By RIA Novosti
Washington : John McCain won the Republican Party presidential nomination after victories in Tuesday’s primaries as Hilary Clinton took Ohio, Texas and Rhode Island to revitalize her Democratic Party nomination bid.
Senator McCain’s victories gave him the required number of delegates to guarantee that he would represent the Republican Party in November’s U.S. presidential elections. His only rival, former Arkansas governor Mike Huckabee, dropped out of the race after the results of the Vermont, Ohio, Texas and Rhode Island primaries came through.

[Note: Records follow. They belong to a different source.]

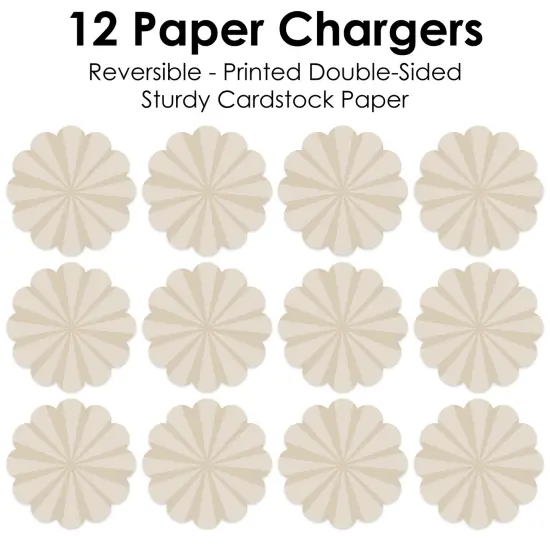 Big Dot of Happiness Tan Stripes - Simple Party Round Table Decorations - Paper Chargers - Place Setting For 12 {7}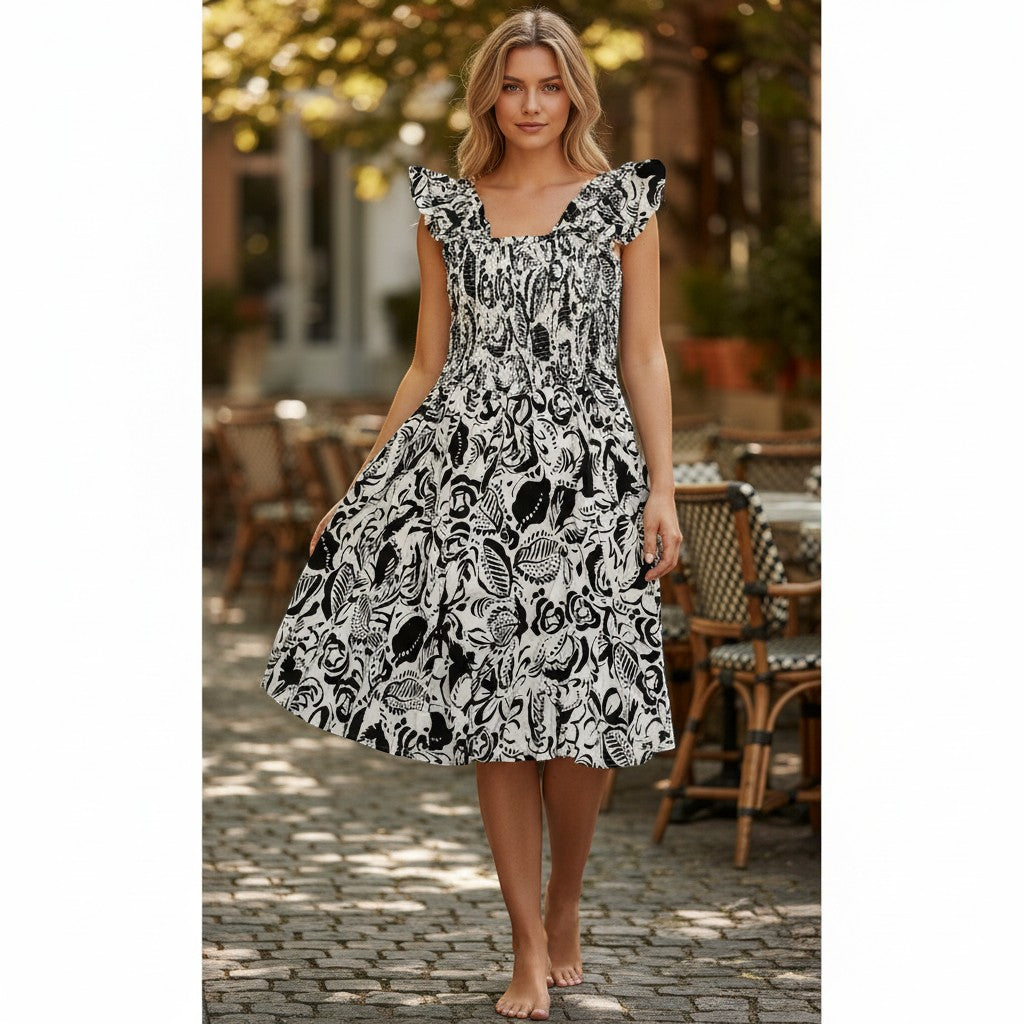 Chic Collective black and cream print smocked midi dress with ruffled cap sleeves and a square neckline.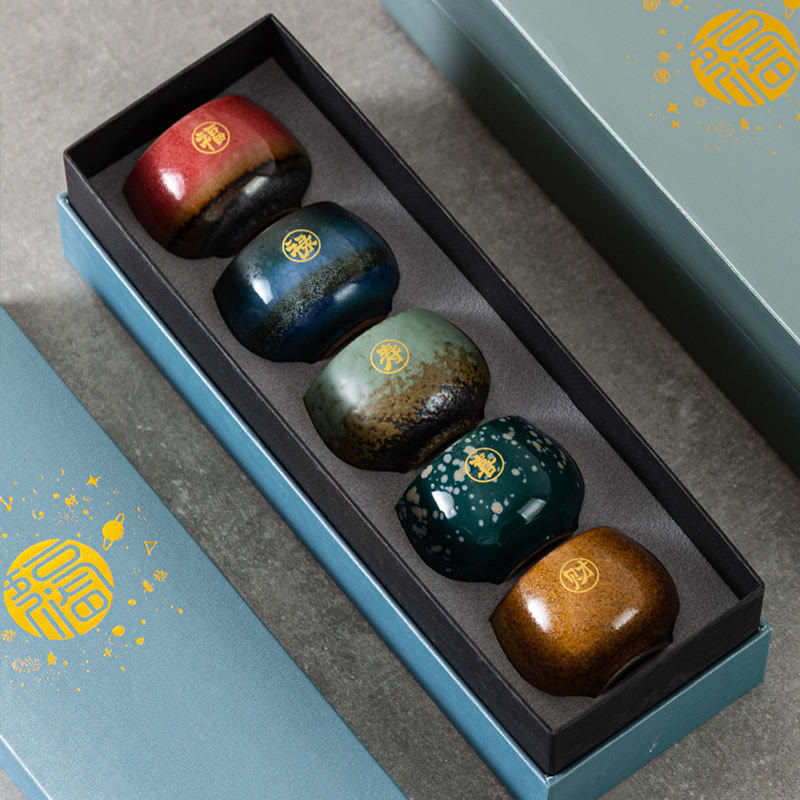 Buddha Stones, handbemalte Fu-Figur, Keramik-Teetasse, Kung-Fu-Teetasse mit Geschenkbox - image 8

“I am very pleased to note that tonight, my friends, we have won enough delegates to claim with confidence, humility and a sense of great responsibility that I will be the Republican nominee for president of the United States,” McCain, 71, said to crowds of supporters in Dallas.
Following an earlier easy victory in the Vermont primary for Barack Obama, Hilary Clinton desperately needed to take both Ohio and Texas to remain in the hunt for the Democratic Party nomination.
Her subsequent victories in the key states suggested that a ‘whispering’ campaign against Obama that involved ‘leaked’ photos of the Hawaiian-born candidate dressed in traditional ‘Islamic’ robes and allegations that he was a practicing Muslim, including repeated use of his middle name – Hussein – may have begun to pay off.
Although Clinton has distanced herself from the photograph of Obama and the ‘Muslim’ claims, she has also said that she cannot be responsible for the actions of all of her campaign staffers.
Whatever the truth of the matter, Clinton was rapturous after her primary victories all but ensured that the race for the Democratic nomination would go down to the wire.
“For everyone here in Ohio and across America who has ever been counted out but refused to be knocked out, for everyone who has stumbled but stood right back up, and for everyone who works hard and never gives up, this one is for you,” Clinton told supporters.
However, despite Clinton’s claims of a comeback, Obama still leads in terms of the all-crucial delegate count, and he told supporters in Texas that, “We have nearly the same delegate lead as we did this morning and we are on our way to winning this nomination.”